Tuesday, March 13, 2012

Did You Vote?

Did you Vote?  Our right, our freedom to vote, comes with the responsibility to vote.
I hope today you exercised:

         Your Responsibility
                  Your Right
                          Your Freedom

To participate in the process of choosing the people that govern us, make and enforce our laws.  These things were hard fought and long in the making of what they are today.

"The history of voting in the United States has not been characterized by a smooth and inexorable progress toward universal political participation. It has instead been much messier, littered with periods of both expansion and retraction of the franchise with respect to many groups of potential voters." Grant M. Hayden, Hofstra University law professor in the Oxford Companion to American Law.

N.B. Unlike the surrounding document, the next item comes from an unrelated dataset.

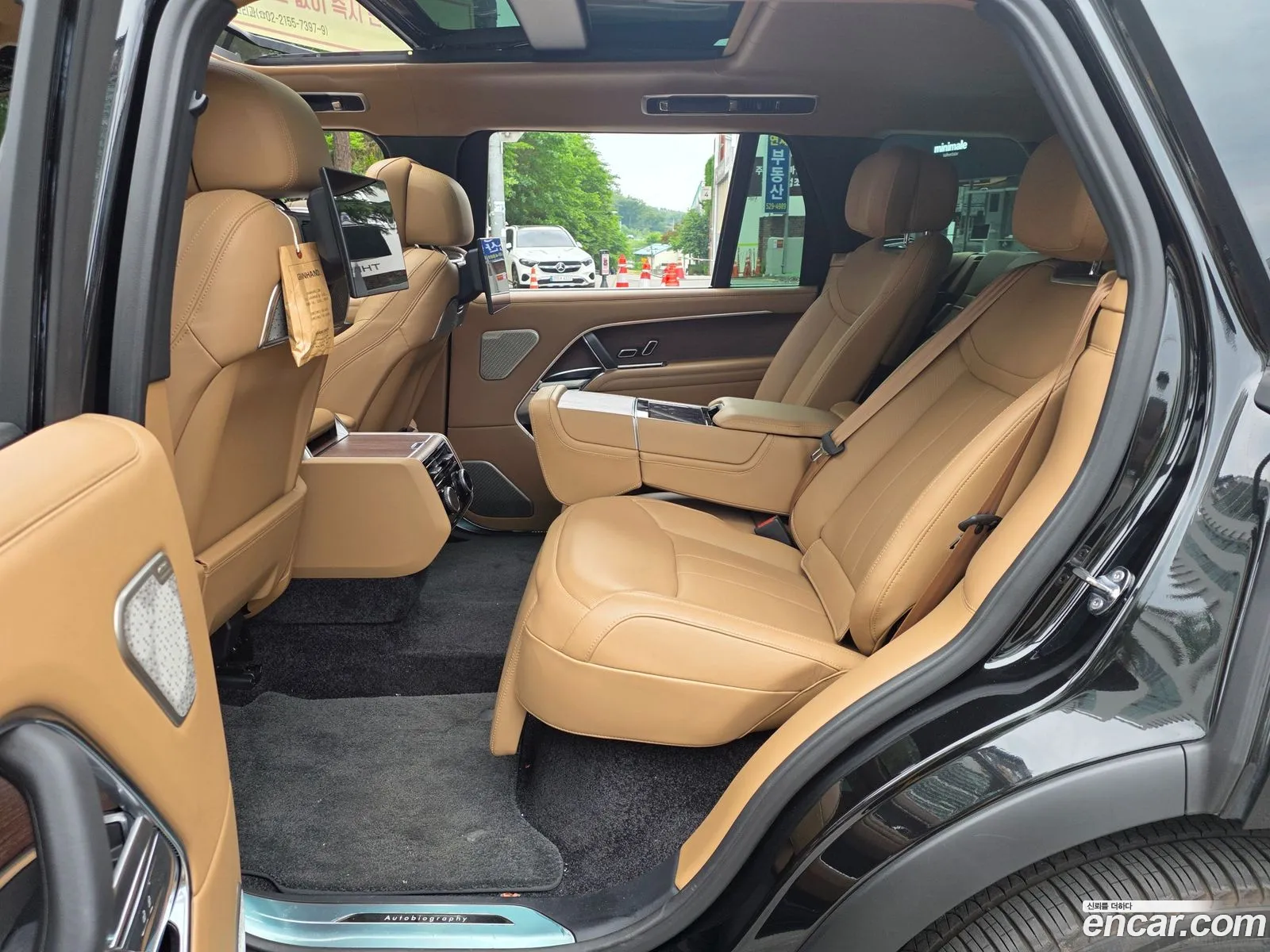 Land Rover Range Rover 2024 — 20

There were fewer opportunities to exercise the right to vote in colonial America. The English king appointed most governors, though there were exceptions.
Typically, white, male property owners twenty-one or older could vote. Some colonists not only accepted these restrictions but also opposed broadening the franchise. Duke University professor Alexander Keyssar wrote in The Right to Vote: The Contested History of Democracy in the United States:  Some colonies required a voter to own a certain amount of land or land of a specified value. Others required personal property of a certain value, or payment of a certain amount of taxes.

John Adams wrote in 1776 that no good could come from enfranchising more Americans:
“Depend upon it, Sir, it is dangerous to open so fruitful a source of controversy and altercation as would be opened by attempting to alter the qualifications of voters; there will be no end to it. New claims will arise; women will demand the vote; lads from 12 to 21 will think their rights not enough attended to; and every man who has not a farthing, will demand an equal voice with any other, in all acts of state. It tends to confound and destroy all distinctions, and prostrate all ranks to one common level.”

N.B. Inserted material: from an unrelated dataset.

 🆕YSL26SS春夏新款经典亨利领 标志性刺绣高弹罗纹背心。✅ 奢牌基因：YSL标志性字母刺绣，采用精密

Benjamin Franklin lampooned them when he wrote: “Today a man owns a jackass worth 50 dollars and he is entitled to vote; but before the next election the jackass dies. The man in the mean time has become more experienced, his knowledge of the principles of government, and his acquaintance with mankind, are more extensive, and he is therefore better qualified to make a proper selection of rulers—but the jackass is dead and the man cannot vote. Now gentlemen, pray inform me, in whom is the right of suffrage? In the man or in the jackass? “

Property restrictions gradually disappeared and the 15th Amendment in 1870 enfranchised black men, followed in 1920 by the 19th Amendment which enfranchised women.

These amendments were hard fought and won, and we should appreciate the freedom they give us to make choices for ourselves and our country.